Modern Analog/Digital Devices
Since BBD chips are harder to come by these days, you’ll find vintage analog delay prices soaring. However, reproduction of certain BBD chips, like the MN3207 give builders a shot at creating new analog delays with modern conveniences like tap tempo, along with tone shaping and noise level improvements. You might have seen the Duncan Déjà Vu delay demo that uses both BBD and digital circuits so you can choose either or a mix of both. If that doesn’t satisfy, there are plenty of digital delays, including the DD-7 you heard that will emulate the decay of analog repeats. One of my favorites in this category is the Mad Professor Deep Blue Delay. It has very low hiss in the repeats but retains the darker and dirtier nature of analog replication. Plus, these analog-like digital delays will run away or self oscillate, probably the greatest charm of analog in my opinion. This phenomenon creates time warp/spaceship sounds with the regeneration maxed while tweaking the delay time knob. I always make it a point to show off this quality in a demo because it’s not only fun but one of the top questions we get regarding delay pedals. A cool technique of dialing in the repeat level just on the edge of oscillation also makes for a dynamic sound that strays into surreal textural tones while staying in your control.

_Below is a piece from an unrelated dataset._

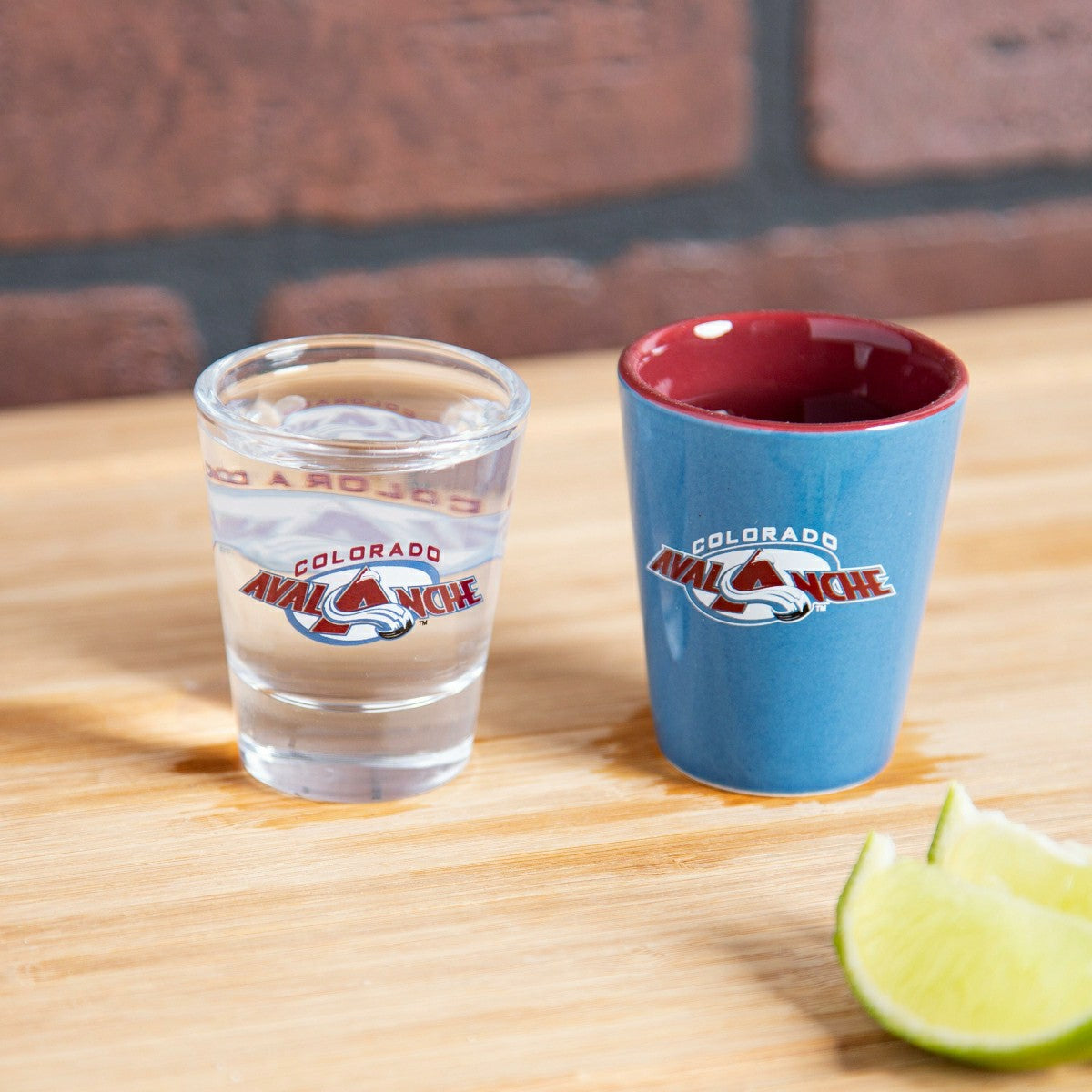 Colorado Avalanche 4-Piece Ceramic and Glass 2oz. Shot Glass Set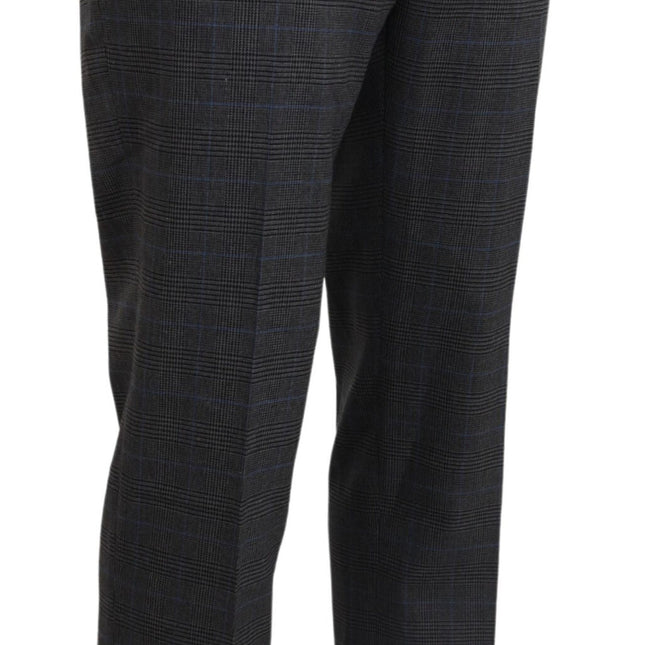 BENCIVENGA Gray Checkered Wool Dress Formal Pants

Of course, if none of these sounds are what you’re going for, there’s no reason to look for a BBD delay. It’s just one specific type of delay in a world of many. Do remember that the “best” delay is subjective and you should try to match your gear to your musical taste. For instance, I would think a rockabilly guitarist looking for a slapback echo isn’t going to worry about self oscillation, reverse delay or even tap tempo. So, good luck on the search and I hope that some light was shed on the great “analog vs. digital” debate.